Copy exactly, and only, the lines from the line containing "new 2025 Ford" through the last line of the records below, both included.
*** Opening of DATA SHOWN ***
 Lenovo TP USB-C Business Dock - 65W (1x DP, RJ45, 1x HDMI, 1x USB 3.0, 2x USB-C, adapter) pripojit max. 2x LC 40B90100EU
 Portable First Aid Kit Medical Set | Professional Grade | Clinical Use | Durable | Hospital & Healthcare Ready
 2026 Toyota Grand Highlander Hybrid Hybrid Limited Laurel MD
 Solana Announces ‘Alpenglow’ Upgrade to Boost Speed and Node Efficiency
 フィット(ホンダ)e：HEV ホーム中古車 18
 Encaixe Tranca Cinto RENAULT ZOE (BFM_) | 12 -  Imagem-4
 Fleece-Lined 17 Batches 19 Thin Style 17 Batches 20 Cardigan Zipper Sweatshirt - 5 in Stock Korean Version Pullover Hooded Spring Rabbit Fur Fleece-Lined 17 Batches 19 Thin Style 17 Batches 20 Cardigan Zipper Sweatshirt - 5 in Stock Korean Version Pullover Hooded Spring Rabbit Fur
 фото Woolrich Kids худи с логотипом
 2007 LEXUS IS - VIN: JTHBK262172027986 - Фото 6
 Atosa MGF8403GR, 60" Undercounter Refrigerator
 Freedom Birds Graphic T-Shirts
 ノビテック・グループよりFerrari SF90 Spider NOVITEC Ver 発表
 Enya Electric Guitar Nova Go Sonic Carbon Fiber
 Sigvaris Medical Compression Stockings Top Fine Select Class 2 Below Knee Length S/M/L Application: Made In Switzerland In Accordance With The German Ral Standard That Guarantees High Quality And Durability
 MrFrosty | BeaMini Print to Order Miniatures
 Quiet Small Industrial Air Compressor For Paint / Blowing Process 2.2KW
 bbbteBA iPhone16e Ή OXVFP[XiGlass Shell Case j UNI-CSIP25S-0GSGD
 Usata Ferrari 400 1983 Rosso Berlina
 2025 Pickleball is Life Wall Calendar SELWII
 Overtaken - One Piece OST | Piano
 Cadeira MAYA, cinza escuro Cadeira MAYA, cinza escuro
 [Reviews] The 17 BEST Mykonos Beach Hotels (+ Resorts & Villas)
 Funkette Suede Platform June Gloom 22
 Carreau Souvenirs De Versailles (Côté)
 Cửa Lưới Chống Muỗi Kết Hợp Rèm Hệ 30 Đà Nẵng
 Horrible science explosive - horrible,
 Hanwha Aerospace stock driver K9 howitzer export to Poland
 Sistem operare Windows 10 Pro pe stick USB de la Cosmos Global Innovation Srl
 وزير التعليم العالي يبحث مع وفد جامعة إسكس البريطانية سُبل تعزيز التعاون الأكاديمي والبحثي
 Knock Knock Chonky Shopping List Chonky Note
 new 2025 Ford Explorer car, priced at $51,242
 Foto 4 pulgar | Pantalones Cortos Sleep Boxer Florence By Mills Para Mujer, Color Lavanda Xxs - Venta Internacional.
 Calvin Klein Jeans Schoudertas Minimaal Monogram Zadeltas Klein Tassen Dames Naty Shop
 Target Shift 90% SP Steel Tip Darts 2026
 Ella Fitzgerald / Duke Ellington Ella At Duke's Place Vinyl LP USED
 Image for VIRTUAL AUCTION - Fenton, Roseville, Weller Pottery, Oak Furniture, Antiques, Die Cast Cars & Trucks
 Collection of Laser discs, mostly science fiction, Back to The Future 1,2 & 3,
*** Close of DATA SHOWN ***
**ANSWER AREA**
 new 2025 Ford Explorer car, priced at $51,242
 Foto 4 pulgar | Pantalones Cortos Sleep Boxer Florence By Mills Para Mujer, Color Lavanda Xxs - Venta Internacional.
 Calvin Klein Jeans Schoudertas Minimaal Monogram Zadeltas Klein Tassen Dames Naty Shop
 Target Shift 90% SP Steel Tip Darts 2026
 Ella Fitzgerald / Duke Ellington Ella At Duke's Place Vinyl LP USED
 Image for VIRTUAL AUCTION - Fenton, Roseville, Weller Pottery, Oak Furniture, Antiques, Die Cast Cars & Trucks
 Collection of Laser discs, mostly science fiction, Back to The Future 1,2 & 3,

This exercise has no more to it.